Google Groups no longer supports new Usenet posts or subscriptions. Historical content remains viewable.
Dismiss

APFS - not case sensitive?

486 views
Skip to first unread message

Krzysztof Mitko

unread,
Sep 27, 2017, 8:07:55 AM9/27/17
to
Hello,

I was under the impression that APFS will be case-sensitive, so I am
pleasently surprised it’s not the case:

~$ mkdir test

~$ mkdir TEST

mkdir: TEST: File exists

Is it because my disk was converted from case-insensitive HFS+, or is it a
default APFS setting?
--
Chemical engineers do it in packed beds.

Lewis

unread,
Sep 27, 2017, 8:42:34 AM9/27/17
to
In message <0001HW.1F7BCC1800...@news.eternal-september.org> Krzysztof Mitko <inv...@kmitko.at.list.dot.pl> wrote:
> Hello,

> I was under the impression that APFS will be case-sensitive, so I am
> pleasently surprised it’s not the case:

> ~$ mkdir test

> ~$ mkdir TEST

> mkdir: TEST: File exists

> Is it because my disk was converted from case-insensitive HFS+, or is it a
> default APFS setting?

I think neither. APFS is case sensitive by design but has a
case-insensitive variant in macOS (but not in iOS, watchOS or tvOS).

Ah, here we go:

<https://developer.apple.com/library/content/documentation/FileManagement/Conceptual/APFS_Guide/FAQ/FAQ.html>
APFS accepts only valid UTF-8 encoded filenames for creation, and
preserves both case and normalization of the filename on disk in all
variants. APFS, like HFS+, is case-sensitive on iOS and is available in
case-sensitive and case-insensitive variants on macOS, with
case-insensitive being the default.

In macOS High Sierra, APFS is normalization-insensitive in both the
case-insensitive and case-sensitive variants, using a hash-based native
normalization scheme.

--
You think you can catch Keyser Soze?

Krzysztof Mitko

unread,
Sep 27, 2017, 10:00:17 AM9/27/17
to
On 27 Sep 2017, Lewis wrote
(in article <slrnosn75n....@snow.local>):

> In message<0001HW.1F7BCC1800...@news.eternal-september.org>
> Krzysztof Mitko <inv...@kmitko.at.list.dot.pl> wrote:
> > Hello,
>
> > I was under the impression that APFS will be case-sensitive, so I am
> > pleasently surprised it’s not the case:
>
> > > $ mkdir test
>
> > > $ mkdir TEST
>
> > mkdir: TEST: File exists
>
> > Is it because my disk was converted from case-insensitive HFS+, or is it a
> > default APFS setting?
>
> I think neither. APFS is case sensitive by design but has a
> case-insensitive variant in macOS (but not in iOS, watchOS or tvOS).
>
> Ah, here we go:
>
> <https://developer.apple.com/library/content/documentation/FileManagement/Conc
> eptual/APFS_Guide/FAQ/FAQ.html>
> APFS accepts only valid UTF-8 encoded filenames for creation, and
> preserves both case and normalization of the filename on disk in all
> variants. APFS, like HFS+, is case-sensitive on iOS and is available in
> case-sensitive and case-insensitive variants on macOS, with
> case-insensitive being the default.
>
> In macOS High Sierra, APFS is normalization-insensitive in both the
> case-insensitive and case-sensitive variants, using a hash-based native
> normalization scheme.

Thanks for answer.

JF Mezei

unread,
Sep 27, 2017, 4:10:03 PM9/27/17
to
On 2017-09-27 08:07, Krzysztof Mitko wrote:

> Is it because my disk was converted from case-insensitive HFS+, or is it a
> default APFS setting?

Not sure. However, case insensituve APFS is not 100% same as case
insensitive HFS+ because of different character sets being used and more
extensive mapping of lower/upper case characters.

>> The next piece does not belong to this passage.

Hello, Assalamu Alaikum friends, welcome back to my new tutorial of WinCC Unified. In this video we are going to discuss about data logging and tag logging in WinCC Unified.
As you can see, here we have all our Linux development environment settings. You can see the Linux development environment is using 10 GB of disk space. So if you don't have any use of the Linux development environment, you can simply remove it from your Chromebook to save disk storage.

So in HFS, it is possible to have 2 files exist because the upper case
character in the second file is considered to be different, whereas in
APFS, it will know that both are the same character (lower/upper case).

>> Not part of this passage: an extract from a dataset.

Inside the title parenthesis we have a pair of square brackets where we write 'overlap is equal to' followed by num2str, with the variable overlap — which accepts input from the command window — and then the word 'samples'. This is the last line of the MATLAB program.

This has impacts more outside of latin characters where HFS had very
limited "knowledge" of lower/upper case mappings.


Lewis

unread,
Sep 27, 2017, 5:35:59 PM9/27/17
to
In message <59cc05e4$0$39067$b1db1813$32d1...@news.astraweb.com> JF Mezei <jfmezei...@vaxination.ca> wrote:
> On 2017-09-27 08:07, Krzysztof Mitko wrote:

>> Is it because my disk was converted from case-insensitive HFS+, or is it a
>> default APFS setting?

> Not sure. However, case insensituve APFS is not 100% same as case
> insensitive HFS+ because of different character sets being used and more
> extensive mapping of lower/upper case characters.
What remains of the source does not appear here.